**What is expected:**
Exactly the lines from the line that has "Ano Saisekijou de" through the final line below are to be retyped, and the pictures are not.

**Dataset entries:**
/---
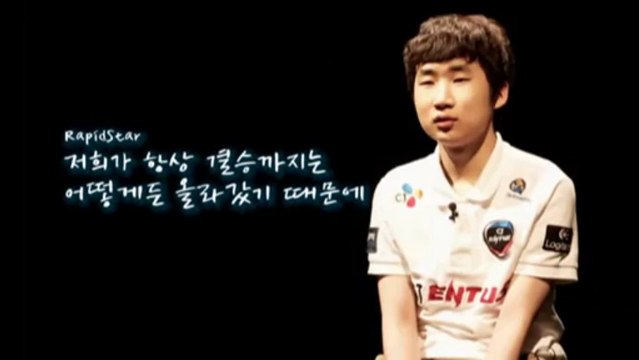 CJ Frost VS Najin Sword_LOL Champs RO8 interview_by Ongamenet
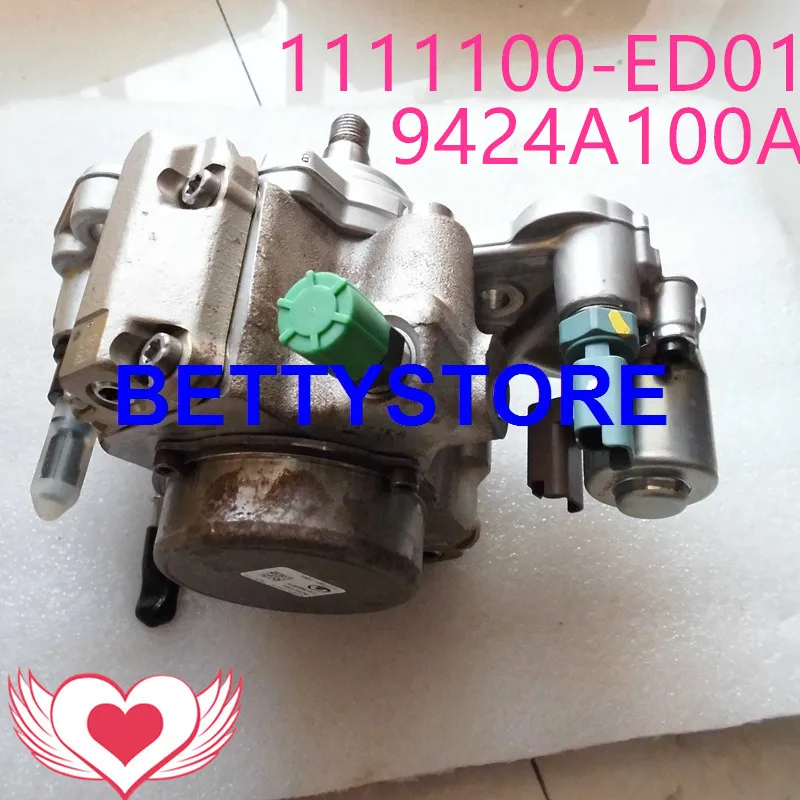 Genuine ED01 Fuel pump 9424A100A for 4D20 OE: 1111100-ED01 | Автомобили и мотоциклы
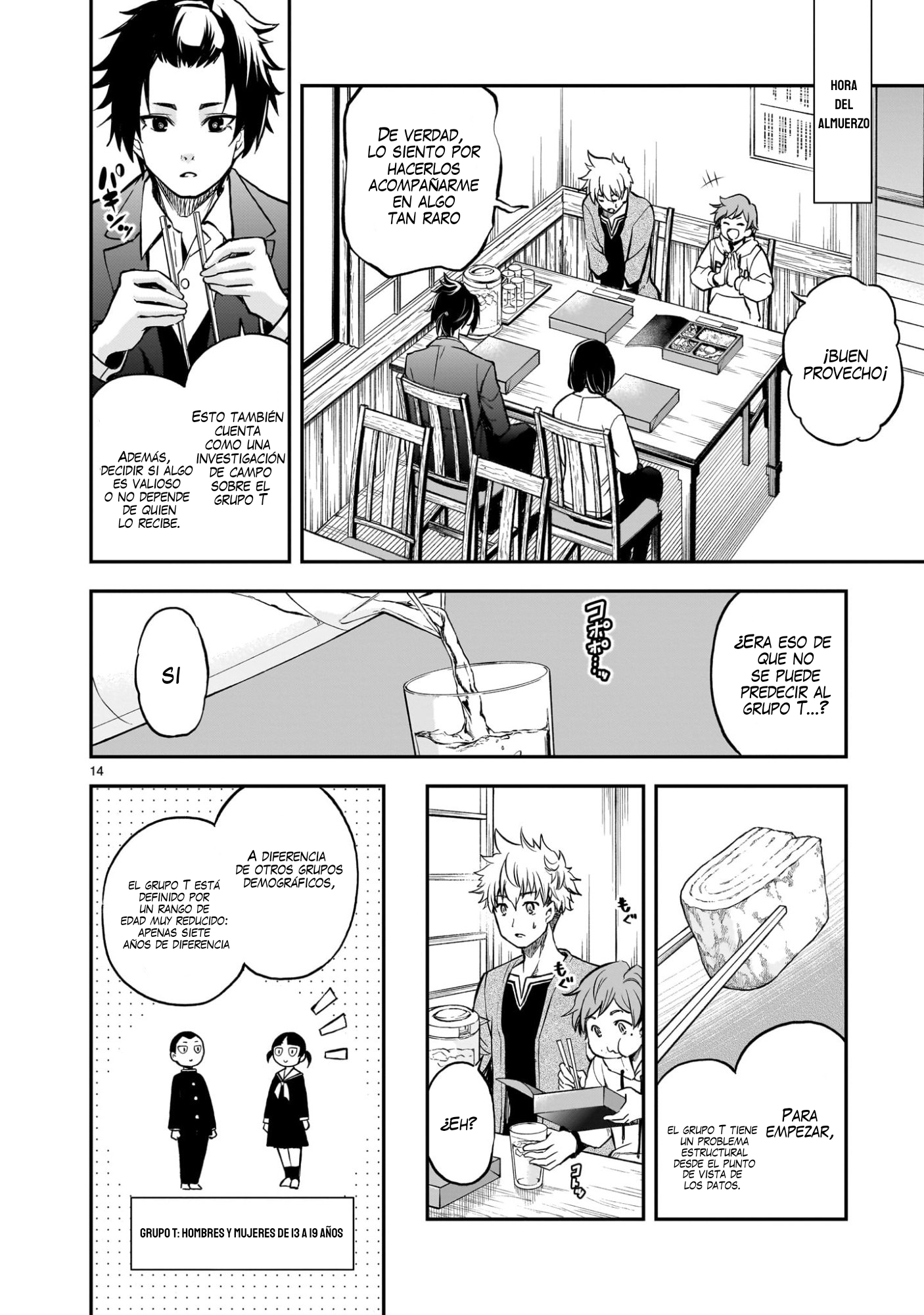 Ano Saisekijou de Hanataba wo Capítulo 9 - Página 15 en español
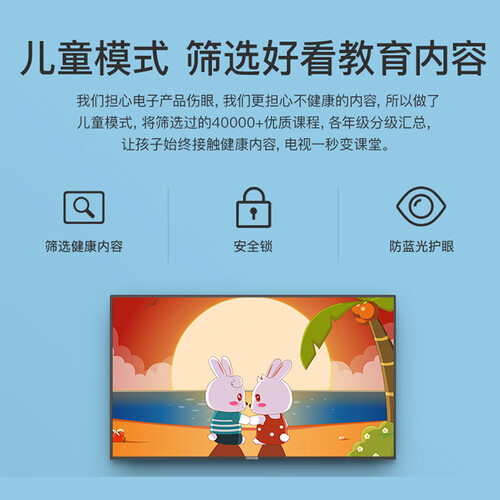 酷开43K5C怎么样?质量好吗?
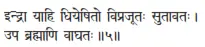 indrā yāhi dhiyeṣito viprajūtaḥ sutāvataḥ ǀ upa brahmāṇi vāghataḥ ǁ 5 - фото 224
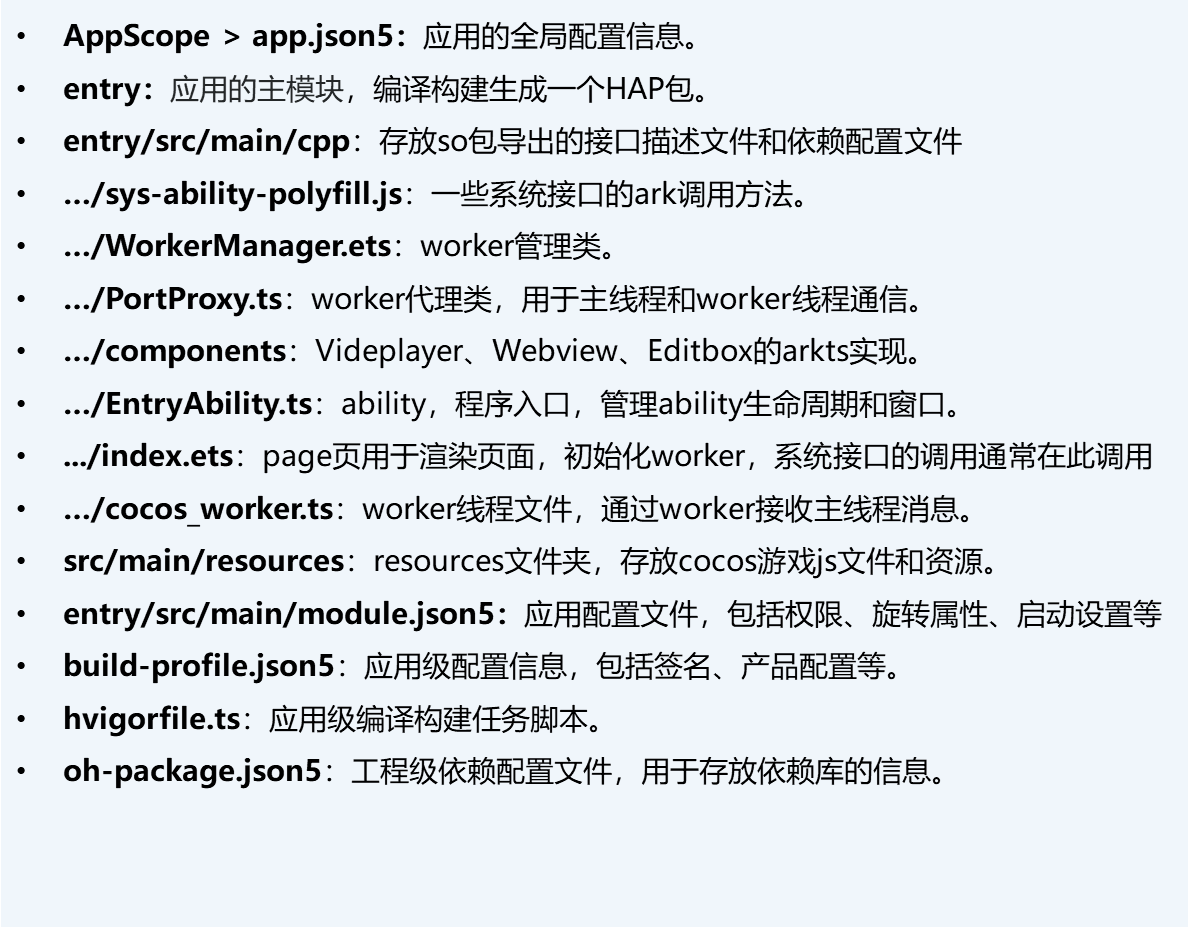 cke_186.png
\---
**Solution for this exercise:**
 Ano Saisekijou de Hanataba wo Capítulo 9 - Página 15 en español
 酷开43K5C怎么样?质量好吗?
 indrā yāhi dhiyeṣito viprajūtaḥ sutāvataḥ ǀ upa brahmāṇi vāghataḥ ǁ 5 - фото 224
 cke_186.png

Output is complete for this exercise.